The Magic Circle
- Second logo of the Magischer Zirkel der DDR, adopted January 1969
- Formation: 20 October 1956; 69 years ago (original founding) 6 January 1990; 36 years ago (refounding)
- Dissolved: December 1969; 56 years ago (first dissolution) 29 September 1990; 35 years ago (merged with the Magischer Zirkel von Deutschland)
- Official language: German

= Magischer Zirkel der Deutschen Demokratischen Republik =

Magic Circle of the German Democratic Republic

The Magischer Zirkel der Deutschen Demokratischen Republik (Magic Circle of the German Democratic Republic) was a national magicians' association that was active in East Germany from 1956 to 1969, and again briefly in 1990.

== History ==

The organization was founded on 20 October 1956 following a meeting between Theo Bozenhard, Hans Marian, Hans Hander (Tosari), Hans-Gerhard Stumpf, and GDR Culture Minister Johannes R. Becher. Erich Kluge served as the organization's first chairman until January 1959, when he stepped down for reasons of ill health. Hans Hander took over as interim leader, becoming first chairman on 12 January 1962 upon Kluge's death. Siegfried Nitsche then served as first chairman from Hander's death in January 1968 until the organization was dissolved in December 1969.

Following the group's dissolution, magicians' associations in East Germany were confined to the local level. In 1974 there were forty such associations, with a total membership of around 600. By 1990 the number of associations had risen to 52.

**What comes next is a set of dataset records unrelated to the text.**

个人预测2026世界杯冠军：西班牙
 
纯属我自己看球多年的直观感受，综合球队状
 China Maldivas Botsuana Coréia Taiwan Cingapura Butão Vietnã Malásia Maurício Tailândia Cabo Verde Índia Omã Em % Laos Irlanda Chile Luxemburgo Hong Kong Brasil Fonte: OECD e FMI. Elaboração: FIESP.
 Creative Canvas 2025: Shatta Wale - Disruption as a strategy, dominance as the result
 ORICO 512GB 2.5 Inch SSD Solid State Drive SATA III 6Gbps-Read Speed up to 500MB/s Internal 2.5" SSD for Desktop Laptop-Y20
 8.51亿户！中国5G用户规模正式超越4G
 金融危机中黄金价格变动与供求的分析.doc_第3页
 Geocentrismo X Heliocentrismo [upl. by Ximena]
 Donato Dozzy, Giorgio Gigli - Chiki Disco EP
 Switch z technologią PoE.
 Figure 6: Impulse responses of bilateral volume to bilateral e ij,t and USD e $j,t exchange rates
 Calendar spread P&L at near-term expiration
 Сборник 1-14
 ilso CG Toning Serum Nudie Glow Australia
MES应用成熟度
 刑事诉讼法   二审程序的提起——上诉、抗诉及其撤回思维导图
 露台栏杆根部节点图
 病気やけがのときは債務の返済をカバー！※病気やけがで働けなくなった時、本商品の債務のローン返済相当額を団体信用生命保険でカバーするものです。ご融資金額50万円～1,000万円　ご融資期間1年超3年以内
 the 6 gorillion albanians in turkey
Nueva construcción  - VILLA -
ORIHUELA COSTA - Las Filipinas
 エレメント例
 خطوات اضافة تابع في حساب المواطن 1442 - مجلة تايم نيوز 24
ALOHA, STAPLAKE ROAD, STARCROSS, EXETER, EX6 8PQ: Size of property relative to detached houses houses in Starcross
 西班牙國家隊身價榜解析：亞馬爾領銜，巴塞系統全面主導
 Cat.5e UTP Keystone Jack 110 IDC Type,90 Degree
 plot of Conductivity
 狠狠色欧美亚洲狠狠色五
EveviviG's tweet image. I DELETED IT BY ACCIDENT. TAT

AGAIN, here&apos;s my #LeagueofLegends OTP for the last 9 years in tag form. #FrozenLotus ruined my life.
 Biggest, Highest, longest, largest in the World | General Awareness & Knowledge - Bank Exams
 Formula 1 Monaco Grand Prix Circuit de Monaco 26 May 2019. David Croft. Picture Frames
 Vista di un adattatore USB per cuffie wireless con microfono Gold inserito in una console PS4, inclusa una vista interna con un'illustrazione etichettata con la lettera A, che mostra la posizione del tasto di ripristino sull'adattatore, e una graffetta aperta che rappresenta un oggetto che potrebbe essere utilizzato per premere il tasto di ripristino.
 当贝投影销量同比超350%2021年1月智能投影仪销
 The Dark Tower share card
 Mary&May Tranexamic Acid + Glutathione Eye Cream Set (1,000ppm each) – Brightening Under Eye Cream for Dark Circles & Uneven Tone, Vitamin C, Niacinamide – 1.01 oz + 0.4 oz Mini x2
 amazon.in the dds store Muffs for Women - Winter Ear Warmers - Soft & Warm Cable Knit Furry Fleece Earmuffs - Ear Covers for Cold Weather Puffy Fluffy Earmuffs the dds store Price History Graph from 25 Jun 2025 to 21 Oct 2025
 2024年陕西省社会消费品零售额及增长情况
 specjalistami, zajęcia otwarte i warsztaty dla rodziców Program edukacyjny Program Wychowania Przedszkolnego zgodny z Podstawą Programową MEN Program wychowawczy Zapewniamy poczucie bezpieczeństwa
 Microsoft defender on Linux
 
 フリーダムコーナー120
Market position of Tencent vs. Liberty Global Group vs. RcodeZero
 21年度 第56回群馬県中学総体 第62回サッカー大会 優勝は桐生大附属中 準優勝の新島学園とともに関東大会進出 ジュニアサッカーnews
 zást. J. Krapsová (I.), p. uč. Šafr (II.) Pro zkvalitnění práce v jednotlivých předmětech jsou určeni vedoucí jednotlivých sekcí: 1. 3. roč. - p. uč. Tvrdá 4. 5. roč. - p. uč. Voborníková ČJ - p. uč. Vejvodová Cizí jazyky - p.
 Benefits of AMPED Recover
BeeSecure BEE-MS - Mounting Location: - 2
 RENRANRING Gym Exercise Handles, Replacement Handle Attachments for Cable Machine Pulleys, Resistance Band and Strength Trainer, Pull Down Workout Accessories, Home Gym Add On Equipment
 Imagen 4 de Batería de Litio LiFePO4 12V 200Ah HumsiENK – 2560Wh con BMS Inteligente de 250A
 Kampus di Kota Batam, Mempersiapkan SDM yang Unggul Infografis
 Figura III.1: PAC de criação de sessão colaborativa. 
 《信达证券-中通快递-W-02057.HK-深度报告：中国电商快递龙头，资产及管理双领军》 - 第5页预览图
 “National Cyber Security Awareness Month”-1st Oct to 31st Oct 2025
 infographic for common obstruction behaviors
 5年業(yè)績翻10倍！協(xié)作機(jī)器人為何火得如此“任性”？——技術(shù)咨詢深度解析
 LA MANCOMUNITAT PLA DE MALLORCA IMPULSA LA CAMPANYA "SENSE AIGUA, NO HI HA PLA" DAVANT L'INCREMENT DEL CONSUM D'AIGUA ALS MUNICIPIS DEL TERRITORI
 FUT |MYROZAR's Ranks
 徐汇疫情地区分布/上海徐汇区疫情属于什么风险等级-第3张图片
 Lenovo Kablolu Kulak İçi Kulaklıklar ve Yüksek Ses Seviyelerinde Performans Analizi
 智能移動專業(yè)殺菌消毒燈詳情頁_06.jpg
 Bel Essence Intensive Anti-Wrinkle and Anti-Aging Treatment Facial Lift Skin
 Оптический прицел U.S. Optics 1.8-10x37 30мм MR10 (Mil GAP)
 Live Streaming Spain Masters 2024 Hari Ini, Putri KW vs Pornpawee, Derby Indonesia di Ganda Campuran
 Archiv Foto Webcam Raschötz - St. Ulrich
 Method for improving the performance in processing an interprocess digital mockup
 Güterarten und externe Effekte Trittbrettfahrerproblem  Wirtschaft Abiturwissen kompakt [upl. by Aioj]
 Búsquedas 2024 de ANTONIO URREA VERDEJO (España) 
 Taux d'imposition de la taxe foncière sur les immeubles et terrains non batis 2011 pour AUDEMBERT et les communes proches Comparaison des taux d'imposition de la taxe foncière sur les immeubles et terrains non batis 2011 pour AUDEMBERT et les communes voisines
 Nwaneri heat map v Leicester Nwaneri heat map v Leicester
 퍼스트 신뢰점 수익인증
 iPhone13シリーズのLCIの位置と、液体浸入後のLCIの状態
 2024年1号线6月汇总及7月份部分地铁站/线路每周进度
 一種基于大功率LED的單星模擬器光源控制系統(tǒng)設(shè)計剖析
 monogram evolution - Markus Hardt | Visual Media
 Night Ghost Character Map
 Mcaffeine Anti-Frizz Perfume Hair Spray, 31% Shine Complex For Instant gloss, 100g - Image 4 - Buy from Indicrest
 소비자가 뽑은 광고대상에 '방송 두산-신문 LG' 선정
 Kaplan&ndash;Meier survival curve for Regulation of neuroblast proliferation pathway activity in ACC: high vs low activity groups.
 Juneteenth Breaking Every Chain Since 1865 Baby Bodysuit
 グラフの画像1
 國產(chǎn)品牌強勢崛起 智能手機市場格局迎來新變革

On 11 November 1989, ten magicians convened in Leipzig and made an application to the Ministry of Culture to revive the Magischer Zirkel der DDR. Among the refounders were Hans-Georg Bucsi, Klaus Fürst, Hans-Gerhard Stumpf, and Annette Kirberg-Stumpf. The association was officially re-established on 6 January 1990. At its first conference on 10 March of that year, Hans-Gerhard Stumpf was elected president. Within a few months, Stumpf and the managing directors of the association met with their West German counterparts in the Magischer Zirkel von Deutschland to discuss unification of the two groups. The merger was effected on 29 September 1990.